Cool experiment or idea maybe.
As Snakub Plissken mentioned, if you just want to do something as it is, if you have that right software and hardware combination, you are just set. It is just there. It might not "last" as a primary, functional PC if you need it to remain updated and connected to modern services or the web, but it will still work just fine as a snapshot of that time on it's own as long as the hardware lives.
But this is out the window for online games once you start talking decades. Yes, some popular games have retained active commingles for years, but we haven't yet reached a point to say whether they will stand the test of three to five decades (and even if outliers do, expecting it of the whole is entirely different).
Beyond the fact of the community staying active is that these will still need to connect to modern services and receive updates. World of Warcraft in 2021 needs more than it did in the early 2000s. In the case of something like Steam and games that use it, as those you've listed, look at the hardware requirements of some games from the earlier years of Steam (think original Half Life and the like). A system that ran it back then probably won't (natively and as well anyway) today. Why? In effect, the real minimum requirements can't be any lower than what Steam itself also needs, which is likely to grow with time.
Will a PC from today work in 50 years? Yeah (presuming no hardware failure). Will it handle the needs of those times? Way too far off to guess. If we were continue current trajectory I'd actually say a top of the line (and loaded with RAM) PC might work fine for basic use by then (but possibly lagging on media heavy stuff if the web gets more demanding due to a low powered CPU), but not for games. And, that is only looking at hardware capability and ignoring things of today will have long lost support and not meet standards of tomorrow. And, again, this also assumes current trajectory, which is somewhat slowed this last decade.

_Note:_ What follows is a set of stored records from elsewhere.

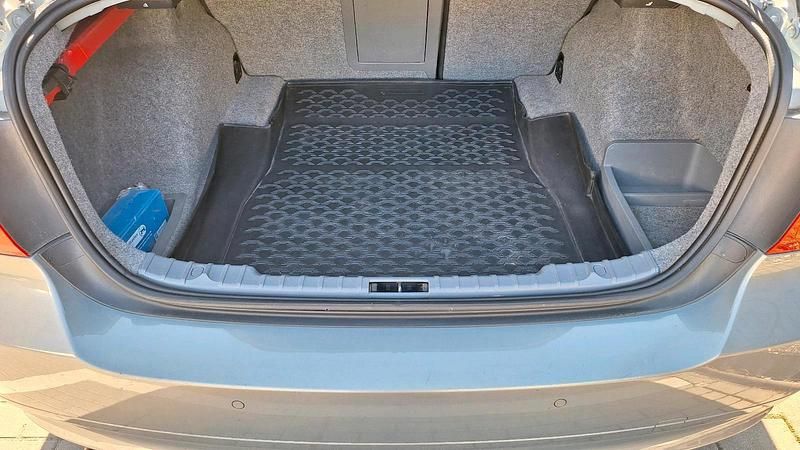 Gebraucht BMW 325 218 PS (160 kW) 2005 Silber Limousine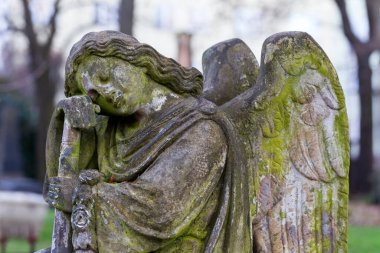 Tarihi heykel üzerinde gizemli eski Prag Mezarlığı, Çek Cumhuriyeti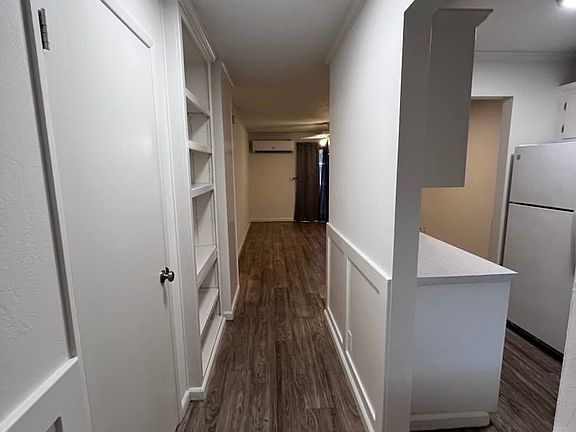 4th image of 342 E Saint Charles St #14
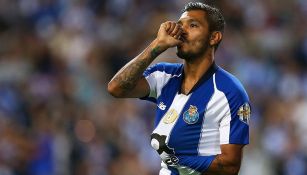 Corona celebra un gol con el Porto 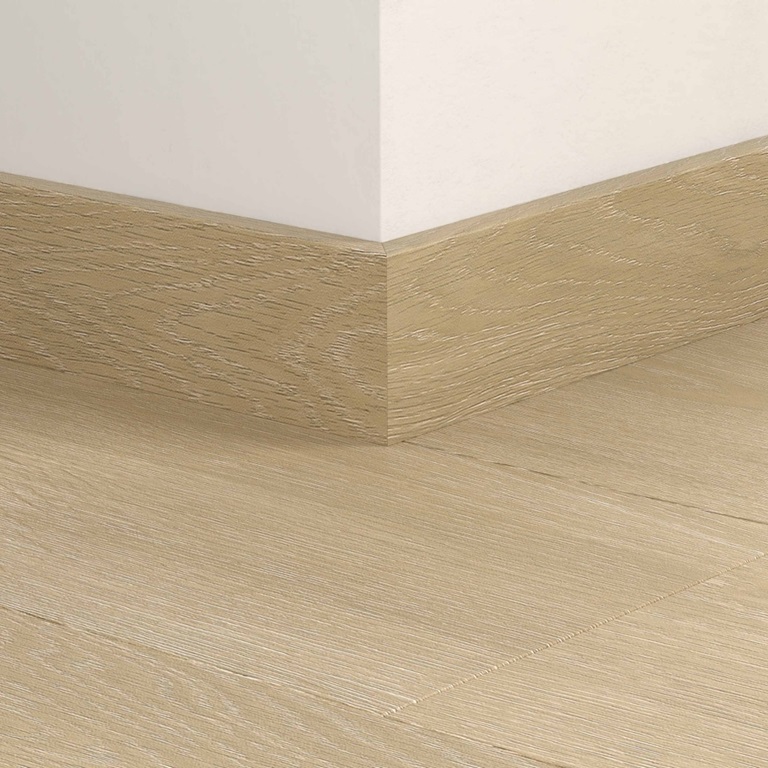 Quick-Step grīdlīste vinila grīdai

A potential breakthrough in the next 50 years changes this all.
Like just this year I got hooked on tribes of midgard not high in requirements but definitely needs something made in the past decade.
And just now a game called Sable has caught my eye as something I might try once it goes in a bundle or sale.
World of Warcraft is a good example.
A top end pc built in 2004 when the game first came out would maybe struggle to even play the current game now in 2021 using the same specs it might just run but barely.
Damn; is my PC doing something wrong then?
I've had my NVME for 18 months and Samsung Magician says I've written 14TB already.
But I don't download much...
ssd life span is more about crib death and amount written than it is about time.
you are likely looking at about 1 petabyte before problems will arise, but I would consider an upgrade/mirror the ssd to something new at the 500tb mark.